11.2.3 - Efficiency of Matched Pairs

For the sibling puzzle-solving example, note that the data consisted of 37 responses for six-year-olds (younger siblings) and 37 responses for eight-year-olds (older siblings). How would the results differ if, instead of siblings, those same values had arisen from two independent samples of children of those ages?

To see why the approach with the dependent data, matched by siblings, is more powerful, consider the table below. The sample size here is defined as \(n = 37+37=74\) total responses, compared with \(n=37\) total pairs in the previous approach.

	<1 min	>1 min	total
Older	22	15	37
Younger	20	17	37

The estimated difference in proportions from this table is identical to the previous one:

\(\hat{d}=\hat{p}_1-\hat{p}_2=\dfrac{22}{37}-\dfrac{20}{37}=0.0541\)

But with independent data, the test for an age effect, which is equivalent to the usual \(\chi^2\) test of independence, gives \(X^2 = 0.2202\), compared with McNemar's test gave \(z^2 = 0.333\). The standard error for \(\hat{d}\) in this new table is

\(\sqrt{\dfrac{\hat{p}_1(1-\hat{p}_1)}{37}+\dfrac{\hat{p}_2(1-\hat{p}_2)}{37}}=0.1150\)

compared with \(0.0932\), when using siblings and taking into account the covariance between them. Just as with matched pairs for quantitative variables, the covariance between pair members leads to smaller standard errors and greater overall power, compared with the independent samples approach.

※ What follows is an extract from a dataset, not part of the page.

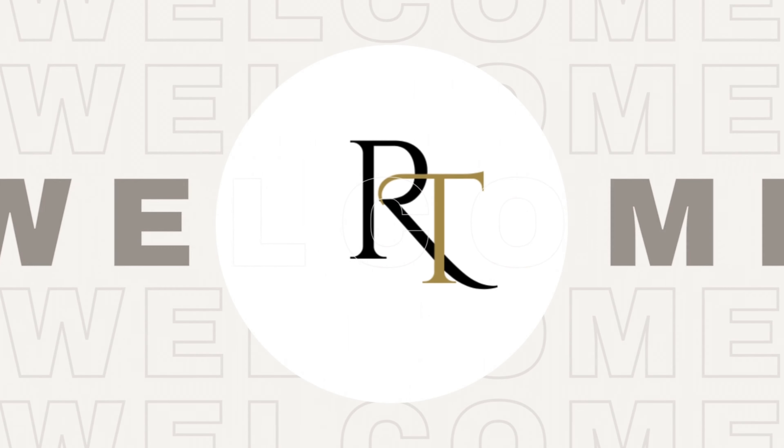Hi friends! Namaste! You are Revathi. Welcome back to Revathi's Talks channel. Please subscribe to my channel and hit the bell icon for new updates.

Let's take a look at the last part of Siblings.sas and its relevant output, where the same data are analyzed as if they were sampled independently and not matched by siblings.

data matched;
input time $ approval $ count ;
datalines;
 t1 approve 944
 t1 disapprove 656
 t2 approve  880
 t2 disapprove 720
;
proc freq data=matched order=data;
 weight count;
    tables time*approval /chisq riskdiff;
run;

Now we are doing just a regular test of independence, and the Pearson chi-square is \(0.2202\) with a p-value of 0.02. Although our conclusion seems to be identical (we still can't claim a significant age effect), notice that our p-value is less significant when the data are treated as independent. In general, the matched pairs approach is more powerful.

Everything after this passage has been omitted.